Deep vein thrombosis

5.11.  We recommend that the Government and the AHU work together with airlines and others in providing consistent travel advice to passengers on the risks associated with self-medicating with the intention of preventing DVT.

Infectious diseases

5.12.  We recommend that the Government and the airlines advise passengers on the proven benefits of good hand hygiene in the reduction of disease transmission and in particular that passenger clean their hands before eating on board an aircraft. In the event of a disease outbreak that could lead to a pandemic, we recommend that as part of their contingency plans airlines flying from affected regions should provide bactericidal wipes and alcohol gels to limit the spread of disease in-flight.

5.13.  We recommend that the Government and the regulators limit the amount of time that passengers can remain in an aircraft when the ventilation systems are non-operational to 30 minutes.

Air crew occupational health

5.14.  We are reluctant to recommend the modification of CAP 371 until more evidence is presented. We recommend, however, that the Government together with the CAA (including the AHU), the unions and airlines work together to find a way of ensuring that pilots have appropriate rest periods and to monitor fatigue complaints by pilots. We also recommend that the CAA, as the body responsible for the health and safety of air crew while on board an aircraft, commission a study into the long-term effects of fatigue in air crew.

5.15.  We welcome the fact that the Aviation Occupational Health and Safety Working Group, chaired by the CAA, is looking into noise-induced hearing loss. However, pending the outcome of this work, we recommend that the CAA work with airlines to review the availability of personal protection equipment so that pilots will be better able to protect their hearing.

Contaminated air events

5.16.  We recommend that the CAA carries out an awareness campaign aimed at airlines and pilots to highlight the importance of reporting contaminated air events and encourages airlines to follow the spirit as well as the letter of the rules on reporting these events.

5.17.  We recommend that the AHWG-sponsored research to identify the substances produced during a fume event be completed urgently. It should be followed up by an epidemiological study on pilots to ascertain the incidence and prevalence of ill health in air crew and any association there might be with exposure to the chemicals identified in the AHWG-sponsored study, paying particular attention to the synergistic effect of these chemicals.

5.18.  We recommend that the Government works with manufacturers, airlines and the regulator to take effective action in preventing oil and hydraulic fluid leakages into the aircraft cabin.

5.19.  We recommend that a protocol should be made available to health professionals, in particular Authorised Medical Examiners, on how to deal with air crew who suffer contaminated air events. We recommend that airlines, the regulators and the Government work together to improve the support given to pilots claiming to suffer ill health following a contaminated air event.

Information and education

5.20.  We recommend that the Government and the regulators review the manner in which information on fitness to fly is offered, giving due consideration to their target audience. As the authoritative provider of information for passengers on air travel and health, the Government must ensure that information is available to all, not just people who have Internet access.
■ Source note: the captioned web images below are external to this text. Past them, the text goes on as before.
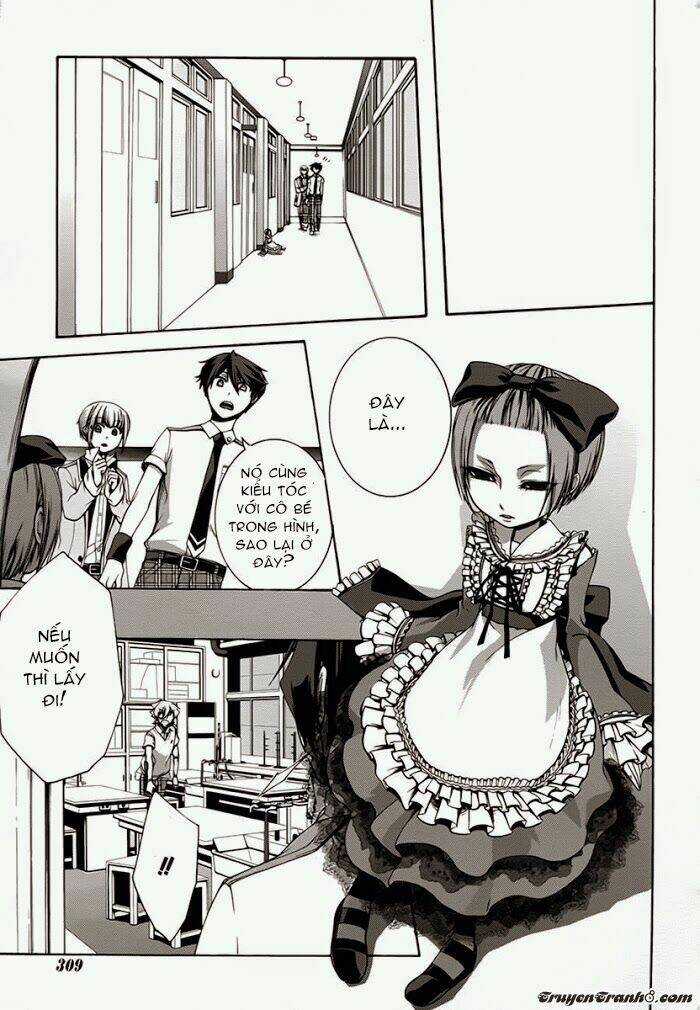 Dolls Code - Chapter 6 - Trang 14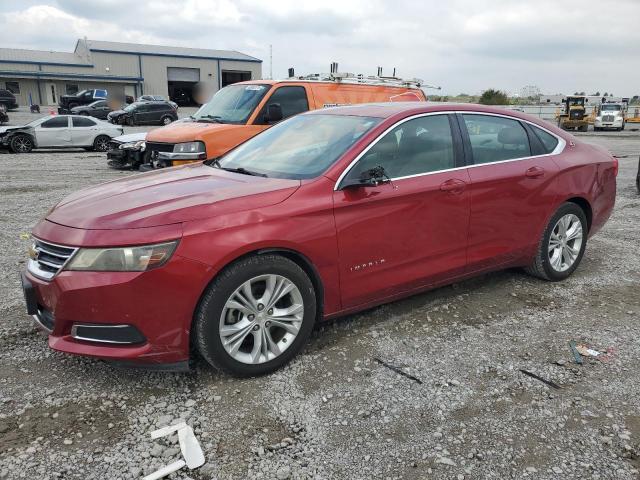 Global Auto Auctions: 2015 CHEVROLET IMPALA LT
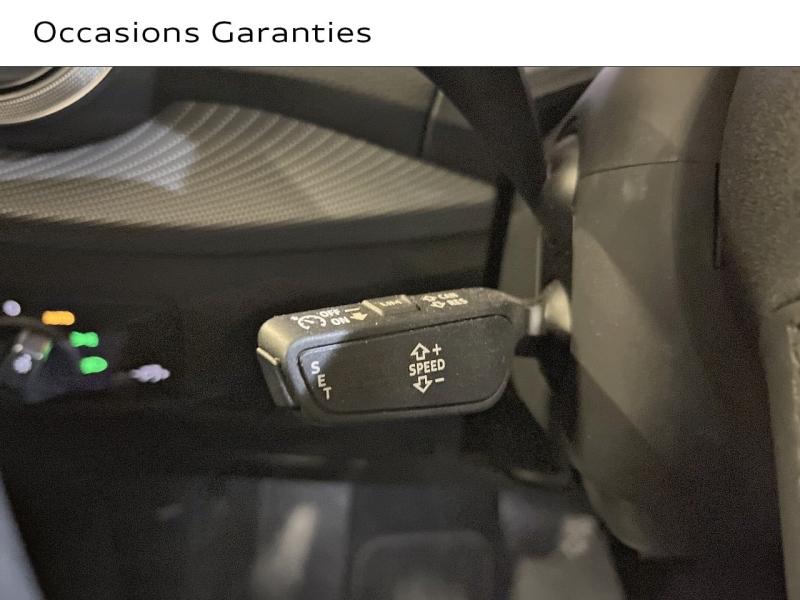 Voitures occasions Audi Q2 Design Luxe Paris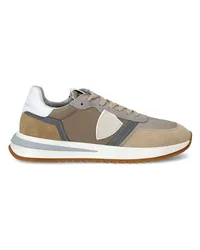 Philippe Model Sneakers Beige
5.21.  We recommend that the general practitioner postgraduate curriculum should include a basic overview of aviation medicine. Continuing professional development in the form of specialised courses should be made available for healthcare professionals with an interest in this area.

5.22.  We further recommend that various specialties such as cardiology, orthopaedics and psychiatry follow the lead of the British Thoracic Society in producing guidelines on fitness to fly with the intention of informing GPs and other healthcare professionals; and that these publications should be made available in electronic form and hard copy to all GPs. In the course of time the collection of these guidelines would form a valuable (paper) reference manual.